May & June 2026: Defer, Scoring, and Visible Abs
Two months heads-down for AI Engineer World's Fair, plus a digital garden and a fitness app that wants abs.
Work
May and June were almost entirely consumed by getting two new Inngest features ready for the AI Engineer World’s Fair, which kicks off this week in San Francisco. I was a primary contributor on both, so I’ll keep the details light and let the docs do the talking:
- Defer lets a function spin up follow-up work inline, without coordinating a separate function over events. The interesting part was modeling it as a new opcode class: “lazy ops” that piggyback on a host op in the same SDK response instead of standing alone, and “priority ops” that generalize the existing
WaitForEventpattern so a defer registration persists before finalize fires. I shipped the coreDeferAdd/DeferCancelopcodes, wired deferred runs into the dev-server UI, and wrote the announcement post. - Scoring & Experiments let you A/B test and grade outcomes (LLM judges, guardrails, engagement signals) right in the execution layer. I built the Scoring Dashboard end to end: backend, UI, and a perf pass once real traffic showed up, tightening a query predicate for the runs view only so the steps view’s semantics didn’t shift underneath anyone.

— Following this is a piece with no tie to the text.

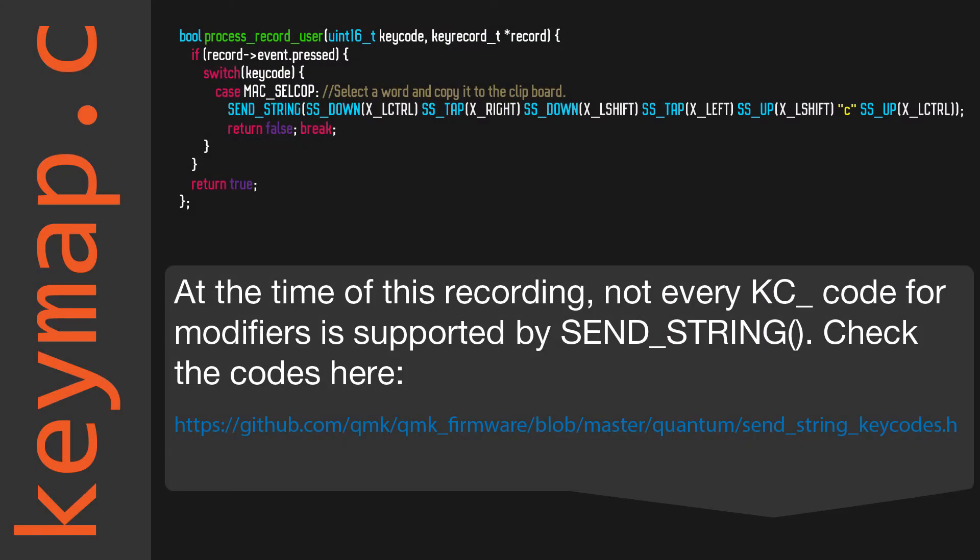You can also use modifiers in your macros and specify if a key should be held, tapped, or released. This example will select a word and then copy it.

Alongside that, a real slice of May and June went into a thread of checkpointing-reliability bugs: an HTTP timeout could cause the executor to requeue a run while the original dispatch was still checkpointing, producing duplicate steps or stranding the run entirely. The fix fences off stale dispatches by echoing a request ID on every checkpoint POST and treating a 409 as stale (SDK); a later pass renamed the mechanism to GenerationID to better match what it actually tracks.
That stretch also included a websocket memory leak in Realtime, which was a bigger deal than the one-line PR title suggests: two Realtime pods were slowly leaking memory until they OOMed, which the load balancer surfaced as plain 503s with nothing obviously wrong on our end. Chasing it down was my first real hands-on experience with Go memory profiling: pulling heap and goroutine dumps via pprof and diffing snapshots with Riadh’s help to trace the leak to a Redis pipe receive loop in the broadcaster. It had been quietly behind a handful of customer support tickets, so finding it felt good.

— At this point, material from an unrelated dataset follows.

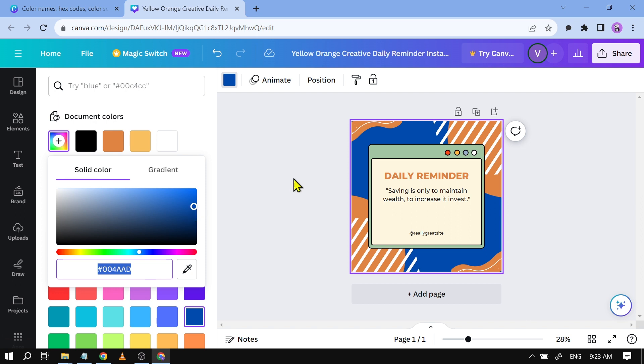Now we're going to try another thing. Say for example there is a color there that you really like. You want to use that color, however you don't know what is the color code of that particular color. So this is what we're going to do.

Smaller stuff: a checkpoint-resume bug after parallelism.
Honestly, it was a slog — the whole Inngest team worked its ass off to get so much hot new stuff stage-ready for the Fair. I’m proud of what we shipped, though.
Personal
I’ve started thinking of my non-work coding time as tending a digital garden: a few small, deliberately unpolished things I grow for myself rather than an audience, revisited and reworked instead of stamped with a publish date and forgotten. The current resident is Voodoo, a “code garden” written in Go with Echo, sqlc, and goose, server-rendered with no JavaScript at all. It’s not open source, and that’s sort of the point. (An earlier attempt at the same idea, a TanStack Start + Hono stack called Kudzu, didn’t stick.)

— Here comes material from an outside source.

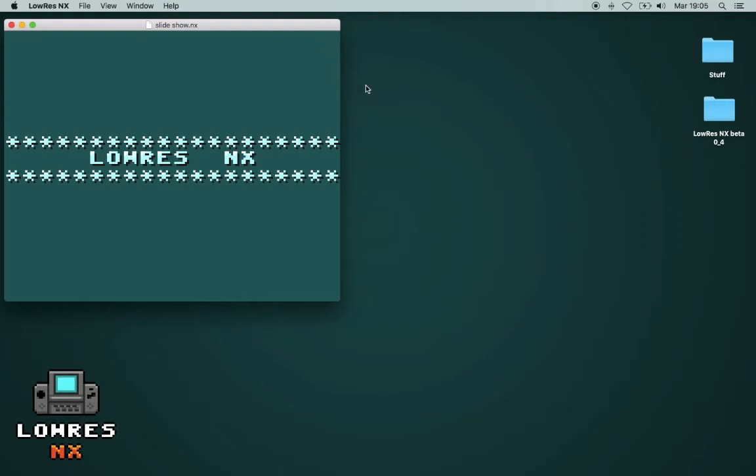Hello, this is Timo. I tried to do this video already several times but I don't know how to do it. I will just try it again now. I want to show you low-res NX, basically the first steps how to use it.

The other one is Jocko, a fitness coaching app that pulls Apple Health data for deep analysis and hands it to an LLM for personalized advice, because I want visible abs, damn it. Not on GitHub.
For fun, but doubling as real demos of the scoring work above, I also built Scoop (live at scoop.thelinell.com), an ice-cream-themed RSS reader that A/B tests its own summary strategies and scores them live. It’s TanStack Start on Cloudflare Workers with D1, and it leans on Inngest’s actual experiment and scoring primitives rather than anything bespoke: each new story gets summarized by one of two variants — questionLed (opens with a curiosity-gap question) or factLed (leads with the sharpest fact) — picked by a weighted, run-seeded experiment. Guardrail scores (length, em-dash abuse, refusal) run inline; an LLM-judge faithfulness score runs as a deferred scorer so a slow judge call never blocks the saved summary; engagement scores (opens, clickthroughs, saves) arrive later as their own event-driven runs, re-attributed back to the original summary run. The early numbers make the case for multi-metric scoring on their own: factLed wins faithfulness (0.97 vs 0.83), but questionLed wins every engagement metric — grading on faithfulness alone would ship the less-clicked variant. The README goes deeper on the wiring if you want to poke around, and I also recorded a Loom walkthrough showing Scoop off alongside the Inngest features it’s demoing. There’s also Demotivational Quotes, which picks Claude or GPT via experiment and scores the result, and a tiny change-set-image Cloudflare Worker that turns release changesets into Slack-ready images, because someone had to.